Doha: On the night of the Final Draw held in Doha on April 1, several exciting news were revealed, including the official groups of each qualified team as well as the debut public performance of the first single in the FIFA World Cup Qatar 2022 Official Soundtrack titled Hayya Hayya (Better Together).
Certainly, the introduction of a "super-skilled player" is unmissable as the world met the adventurous La’eeb, the official mascot for this year's FIFA World Cup 2022.
La’eeb, derived from the Arabic word meaning super-skilled player, is introduced as a character from the mascot-verse, a parallel world where other tournament mascots live.

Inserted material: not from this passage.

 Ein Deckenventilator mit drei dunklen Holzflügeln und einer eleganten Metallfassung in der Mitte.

In a four-minute video published on the official YouTube channel of FIFA World Cup Qatar 2022, La'eeb is shown to be on a visit to the mascot verse with RedOne, a multi-Grammy award producer and FIFA's Creative Entertainment Executive.

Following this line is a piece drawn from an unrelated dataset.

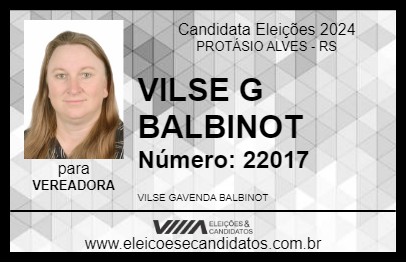 Candidato VILSE G BALBINOT 2024 - PROTÁSIO ALVES - Eleições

The colorful and lively scheme of the mascotverse manifests a bright and futuristic city featuring other iconic mascots which graced the FIFA World Cup tournament through the years.
Nostalgic memories sparked among fans poured as comments under the YouTube video, with some recognizing their favorite mascots while others point out the years that have gone by.
Through the mascot-verse, let's take a little trip down memory lane and recall the iconic mascots which embodied every FIFA World Cup's host nation in the past!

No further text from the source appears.